To put some hard data behind this significant trend, Syncron collaborated with Worldwide Business Research (WBR) to determine how prepared manufacturers are to meet this shift to servitization and maximized product uptime.

The research highlights the gap between customers’ increasing demand for maximized product uptime and manufacturers’ ability to deliver it, plus strategies for manufacturers to start meeting these new expectations today.
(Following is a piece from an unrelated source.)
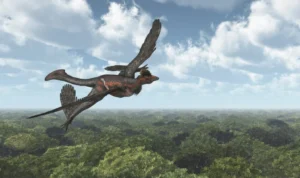 Microraptor menghadapi predator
Some key findings include:

  •  98% of end users want to see more manufacturers provide service agreements that offer maximized product uptime
  • However, only 33% of manufacturers currently offer service based on maximized product uptime today
  • 51% of manufacturers indicated they have the infrastructure in place to support service models based on maximized product uptime, but still have more work to do to support this model, while only 25% of manufacturers indicated they can fully support service based on maximized product uptime today
  • 58% of manufacturers believe customers would be willing to pay more for service agreements that guarantee maximized product uptime, while 57% of end users indicated an uptime guarantee would be worth the extra cost.
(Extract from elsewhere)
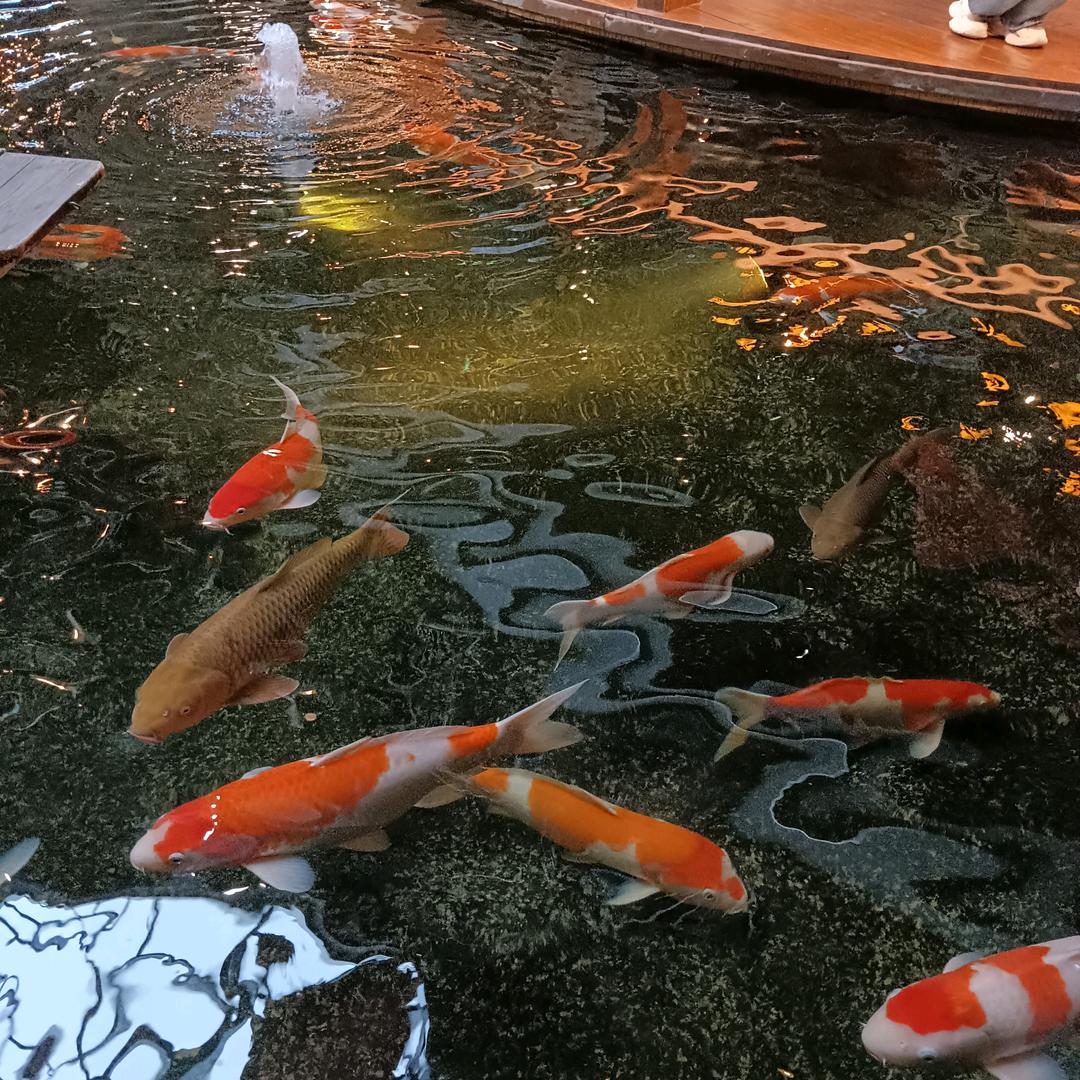 沉淀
So, how should manufacturers plan to meet these new, evolving needs?

  • Redefine the customer relationship

Customer relationships with a manufacturer no longer end after the point of sale. As new equipment will no longer always be the purchased good—instead it will be a service subscription—it is the responsibility of the manufacturer to make sure that their customers’ equipment is up and running at all times.
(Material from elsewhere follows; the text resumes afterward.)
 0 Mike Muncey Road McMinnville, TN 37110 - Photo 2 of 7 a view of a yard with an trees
The shift to servitization means customers expect equipment to always be up and running, so providers must redefine their service models to focus on maximized product uptime. This requires IoT data, machine learning capabilities and predictive analytics to effectively manage data from equipment in the field and provide logical, automated next steps for maintenance and repairs.

  • Automate & optimize the service supply chain

A service model focused on maximizing product uptime will only realize its full potential when paired with sophisticated service parts inventory and price management solutions. While IoT data can provide visibility into when and where problems may occur, a service parts inventory planning solution will ensure parts are delivered to the right place at the right time – ensuring a repair can be made before a breakdown occurs – while a pricing solution will ensure the part is sold at the optimal and most competitive price. A flexible, scalable solution will not only provide control at the manufacturer level, but also drive profits at the dealer level as well.

  • Invest in data-driven technology 

As the role of the manufacturer changes to be more service-oriented, the integration of data-driven technology becomes increasingly important to success. For everything from predictive analytics solutions that help dealers know when service is needed, to sensors to help reduce energy consumption, sophisticated technology is needed to maintain a high level of service.

In very competitive markets, where there can be many different slow or fast moving, erratic and seasonal SKUs, manufacturers need to leverage these technologies to help them deliver a value-add that is unmatched by their competitors. Customers are becoming more and more service-oriented and technology is necessary to help manufacturers scale in real time.

Maximizing product uptime is a crucial enabler in a manufacturers’ journey to servitization. It’s an exciting time to be in this industry as we see a growing group of industry-leading manufacturers completely reexamine their after-sales service operations to meet these rapidly changing expectations.